The market’s revolutionary hep C drugs are getting a black-box warning from the FDA--and while it likely won’t dent sales much, it’s a blemish on a safety record that’s so far been fairly free of serious side effects.
Tuesday, the agency said it would bestow its most serious label warning on a group of direct-acting antivirals (DAA), comprising Gilead’s Harvoni, Sovaldi and Epclusa, AbbVie’s Viekira Pak and Technivie, Merck’s Zepatier, Bristol-Myers Squibb’s Daklinza and Johnson & Johnson’s Olysio.
The reason? The meds increase the risk that a hep B infection could come roaring back in current or previous hep B patients.
That’s a big problem, U.S. regulators noted, highlighting “a few cases” in which reactivated HBV in patients on DAA therapies caused serious liver problems or death. And so the new cautionary language--which will appear in the products’ medication guides, as well as on their labels--will direct doctors to screen and monitor for HBV in all patients on the new-age hep C fighters.

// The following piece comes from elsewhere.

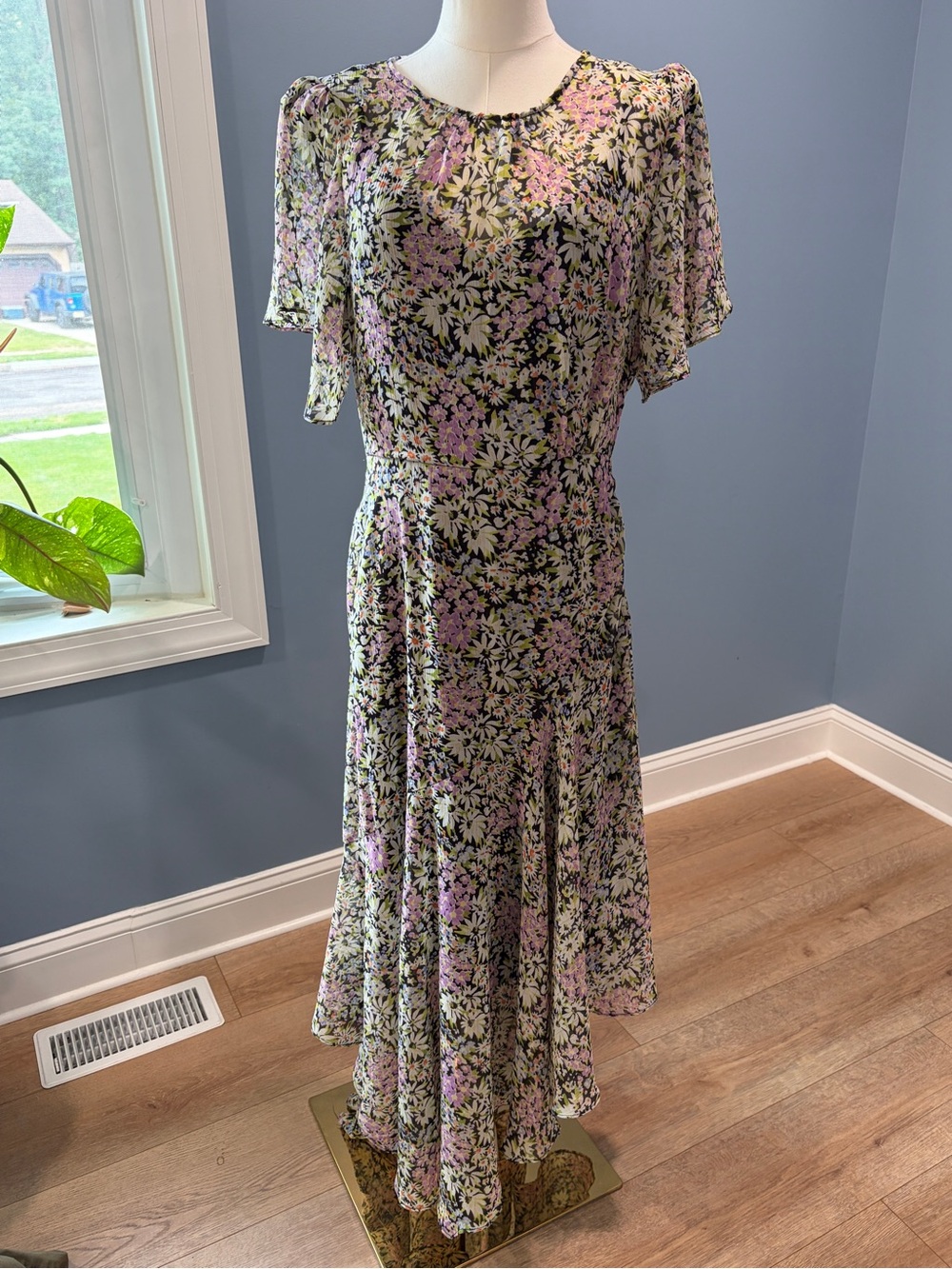 ASTR THE LABEL Black Floral Midi Dress Flutter Sleeves Size L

The crop of so-called wonder drugs has seen record-breaking sales since Gilead rolled out the first--Sovaldi--in late 2013, in part because of near-perfect cure rates. But a lack of side effects has also been a key feature in elevating the drugs over earlier--and cheaper--rivals; difficult-to-tolerate interferon-based regimens patients relied on in the past came along with flu-like symptoms and other unwanted effects for some sufferers.

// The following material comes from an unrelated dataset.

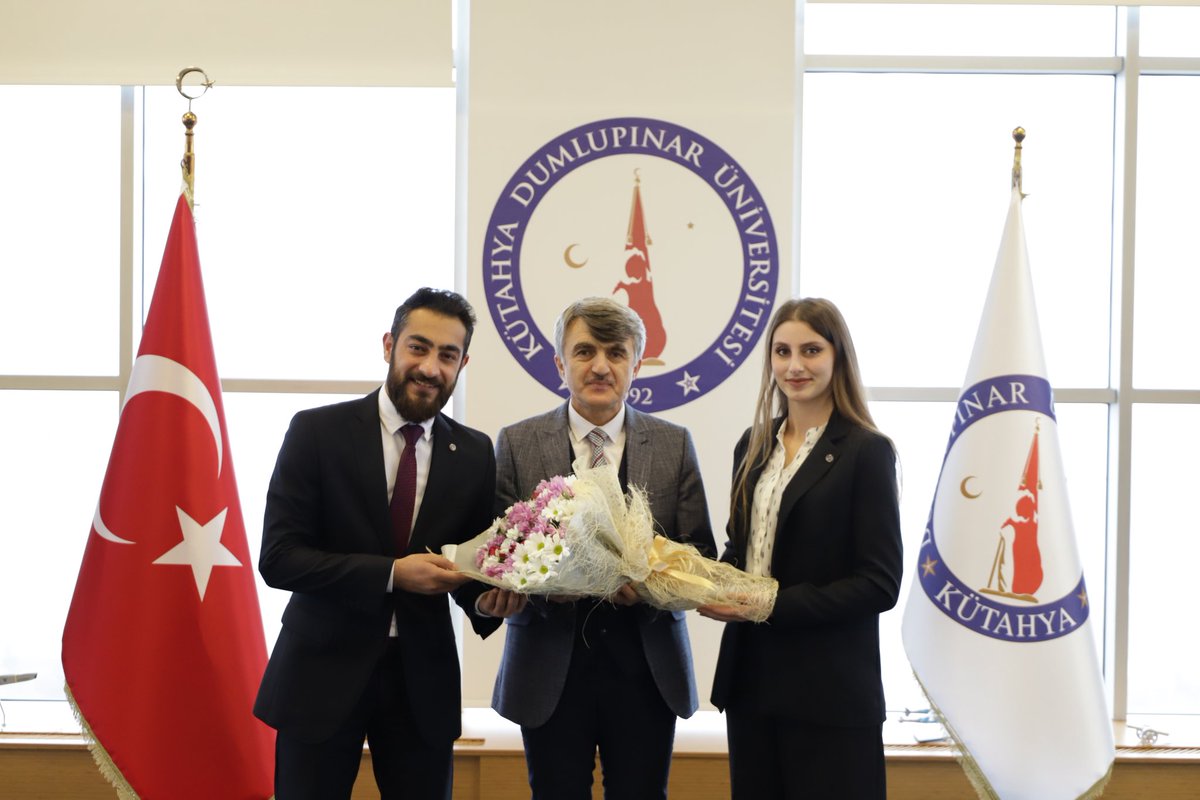 SaracogluRdvan's tweet photo. Devir teslim törenimize iştirak eden Rektörümüz Prof. Dr. Kâzım UYSAL' a Rektör Yardımcılarımıza Eğitim Fak. Dekanı ve Dekan Yrd., topluluk başkanlarımıza teşekkür eder, üniversitemizde çok güzel çalışmalar yapacağına inandığım yeni başkanımız Gülsen ÖZDEMİR' e başarılar dilerim. https://t.co/ZUHDqea3c7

That’s not to say they’ve all been perfect. Last October, the FDA slapped a warning on Viekira Pak and Technivie, noting that they could cause serious liver injury or death in patients with underlying advanced liver disease.
Meanwhile, the FDA isn’t the only global regulatory body looking into the hep B issue. In March, the European Medicines Agency said it was taking a look at the situation, and Japan’s Pharmaceuticals and Medical Devices Agency started up its own review later in the spring.